DATA FOR PROCESSING:

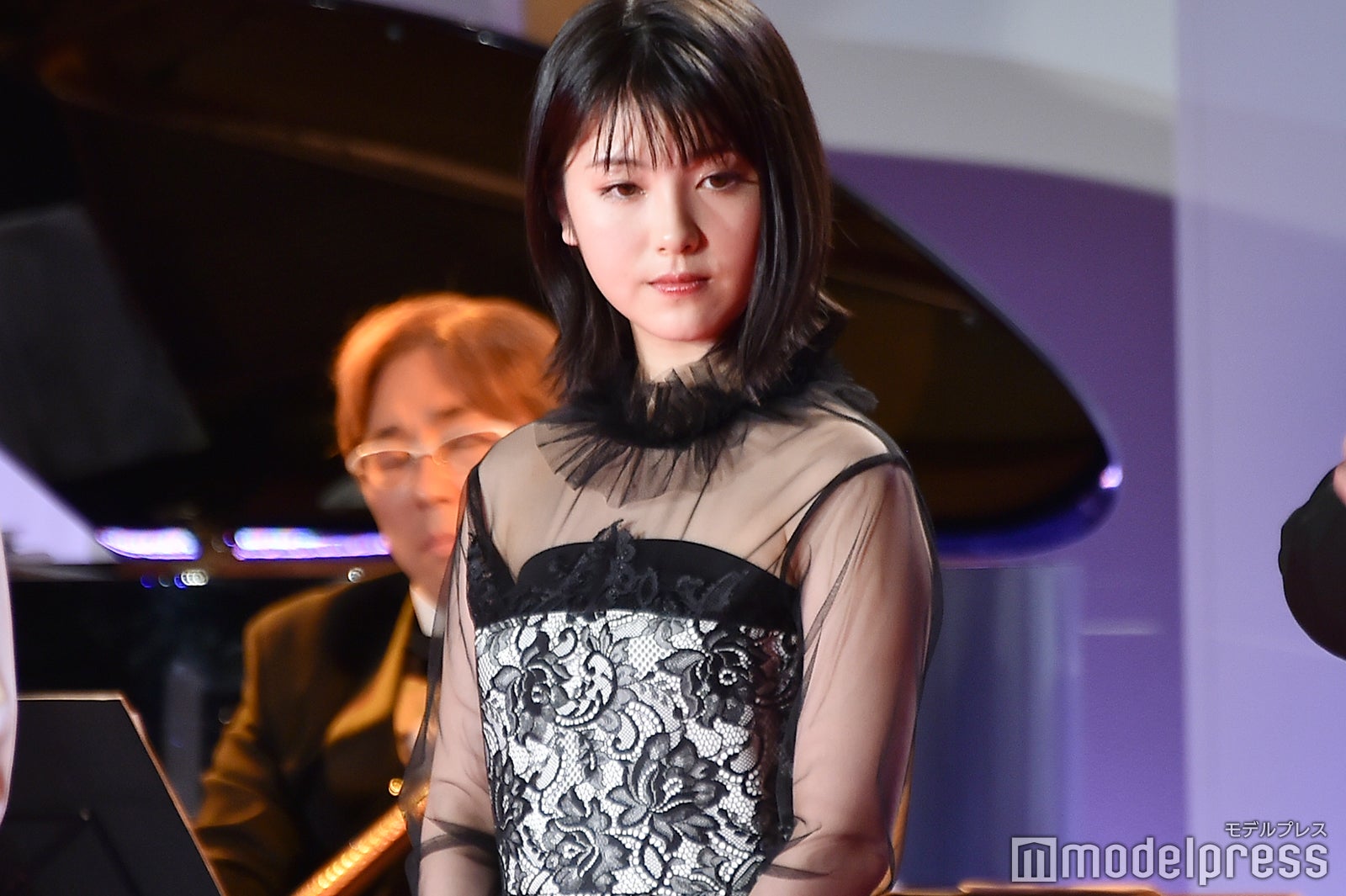 浜辺美波（C）モデルプレス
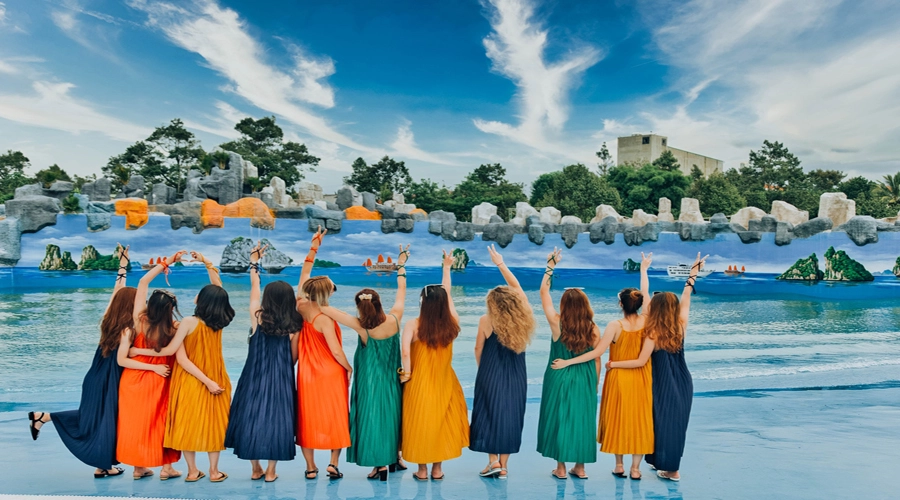 Đôi dép tea resort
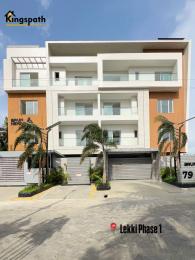 2 bedroom House for sale Lekki Phase 1 Lekki Lagos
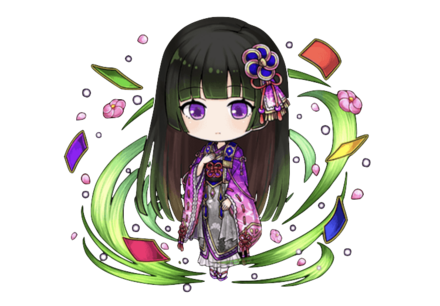 郭嘉の覚醒前イラスト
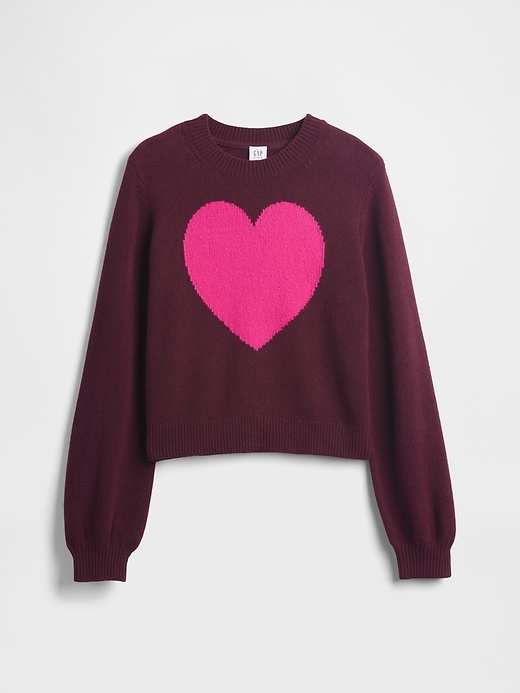 Image number 2 showing, Kids CashSoft Crewneck Sweater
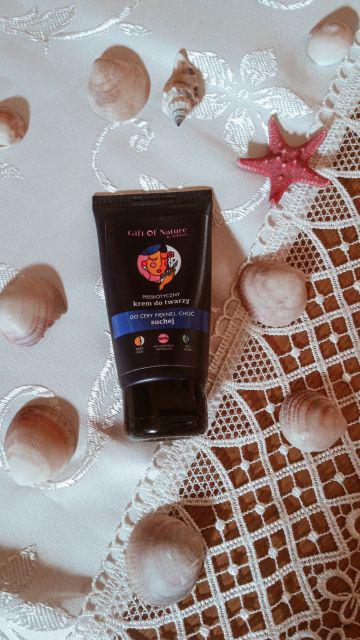 gift of nature Prebiotyczny krem do twarzy 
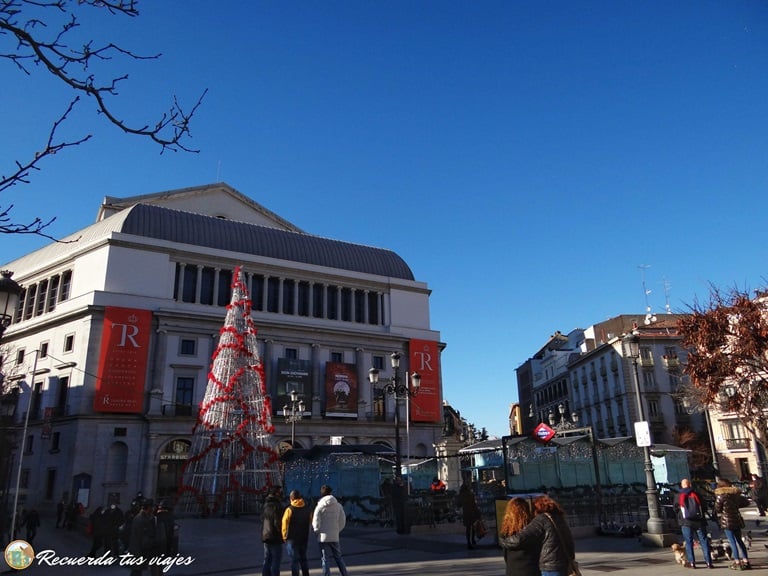 Lee más sobre el artículo Mercados de navidad en Madrid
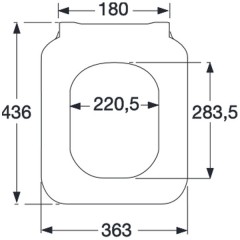 Унитаз подвесной Villeroy & Boch Venticello 4611RS01 DirectFlush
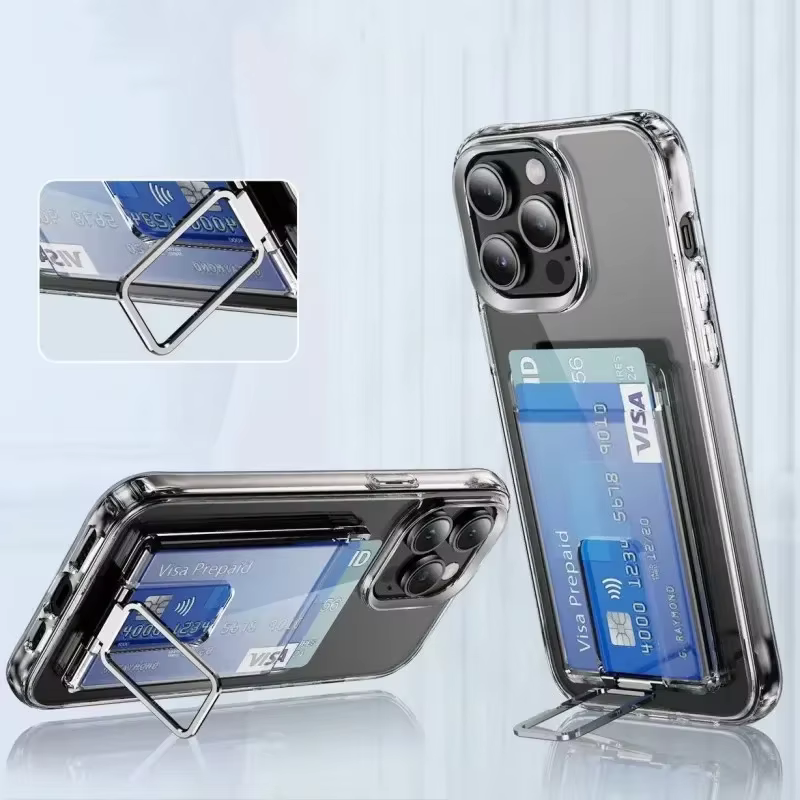 Porte-cartes magnétique Magsafe pour iPhone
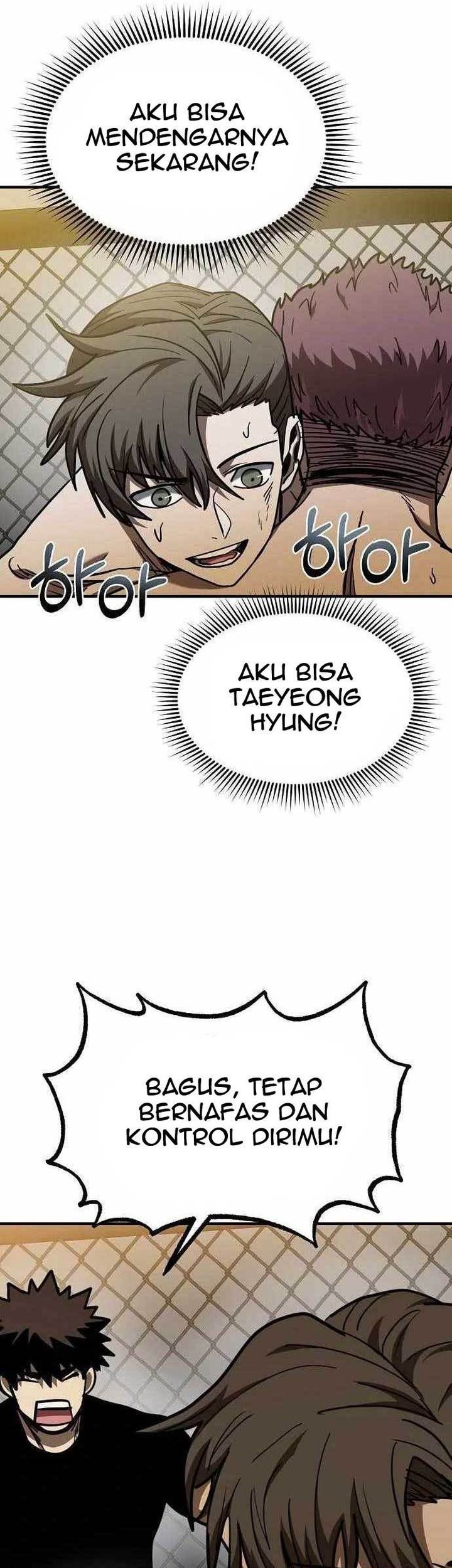 King MMA Chapter 48 - halaman 28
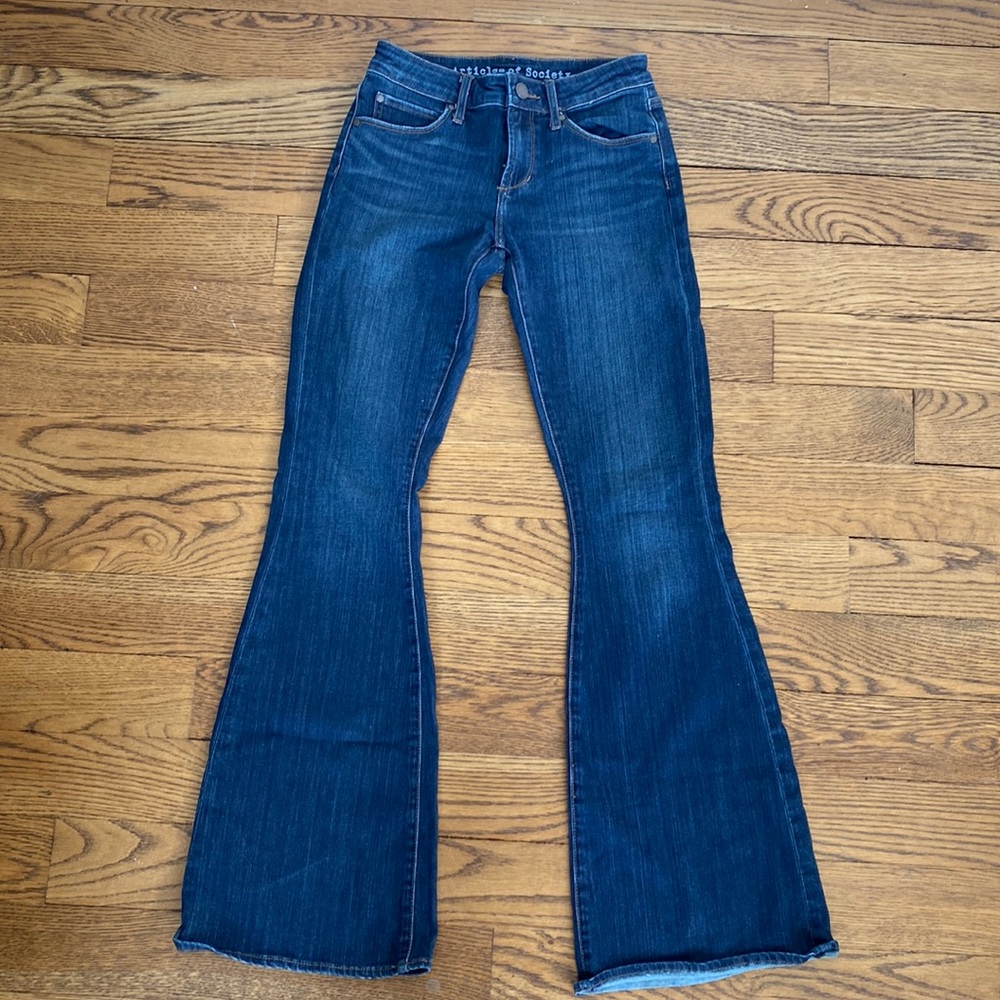 Articles of Society bootcut Jeans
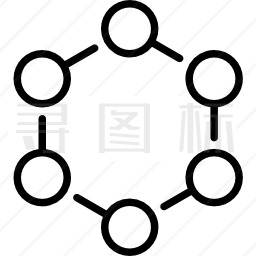 分子图标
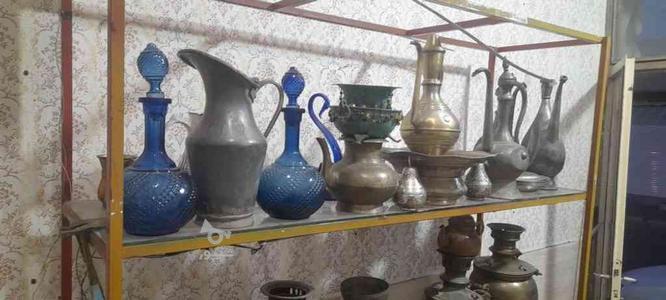 وسایل مسی و برنجی قدیمی در گروه خرید و فروش لوازم خانگی در زنجان در شیپور-عکس1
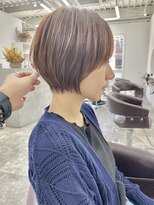 シー 北千住(sii.)&nbsp;【sii.北千住】大人可愛いショート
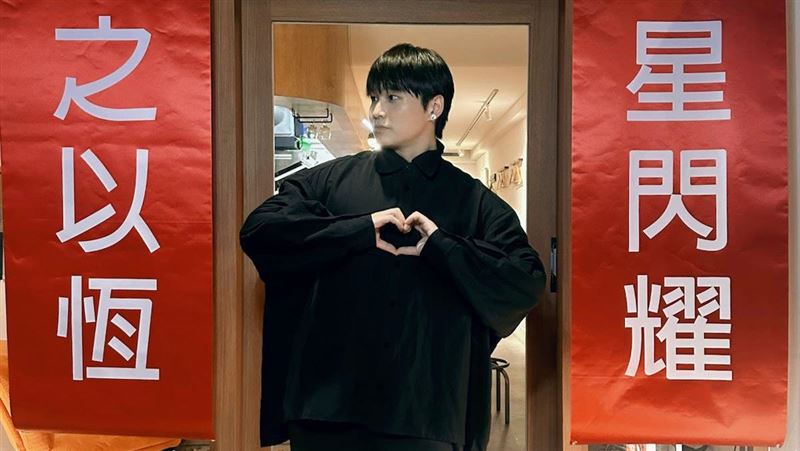 才獲頒台語歌王　陳以恆鬆口下一步動向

TASK DESCRIPTION:
Using the data above, write out every line exactly, leaving the images behind.

RESPONSE TO THIS EXERCISE:
 浜辺美波（C）モデルプレス
 Đôi dép tea resort
 2 bedroom House for sale Lekki Phase 1 Lekki Lagos
 郭嘉の覚醒前イラスト
 Image number 2 showing, Kids CashSoft Crewneck Sweater
 gift of nature Prebiotyczny krem do twarzy 
 Lee más sobre el artículo Mercados de navidad en Madrid
 Унитаз подвесной Villeroy & Boch Venticello 4611RS01 DirectFlush
 Porte-cartes magnétique Magsafe pour iPhone
 King MMA Chapter 48 - halaman 28
 Articles of Society bootcut Jeans
 分子图标
 وسایل مسی و برنجی قدیمی در گروه خرید و فروش لوازم خانگی در زنجان در شیپور-عکس1
 シー 北千住(sii.)&nbsp;【sii.北千住】大人可愛いショート
 才獲頒台語歌王　陳以恆鬆口下一步動向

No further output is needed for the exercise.